Goal of the exercise:
Would you repeat the listing below verbatim and drop the images?

=== Collected material ===

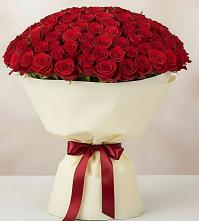 Букет 101 Красная роза Милано в Улётах
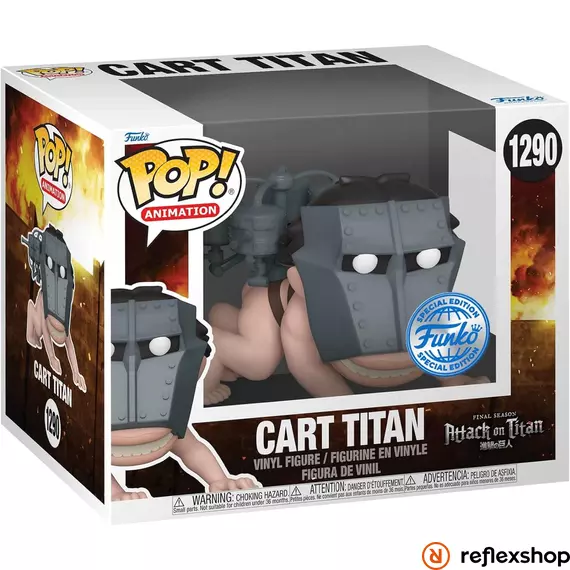 Funko POP! Super Deluxe: Animation: Attack On Titan - Cart Titan figura #1290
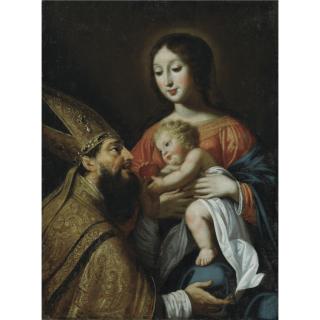 Guy François - The Madonna And Child With Saint Augustine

===

Response area:
 Букет 101 Красная роза Милано в Улётах
 Funko POP! Super Deluxe: Animation: Attack On Titan - Cart Titan figura #1290
 Guy François - The Madonna And Child With Saint Augustine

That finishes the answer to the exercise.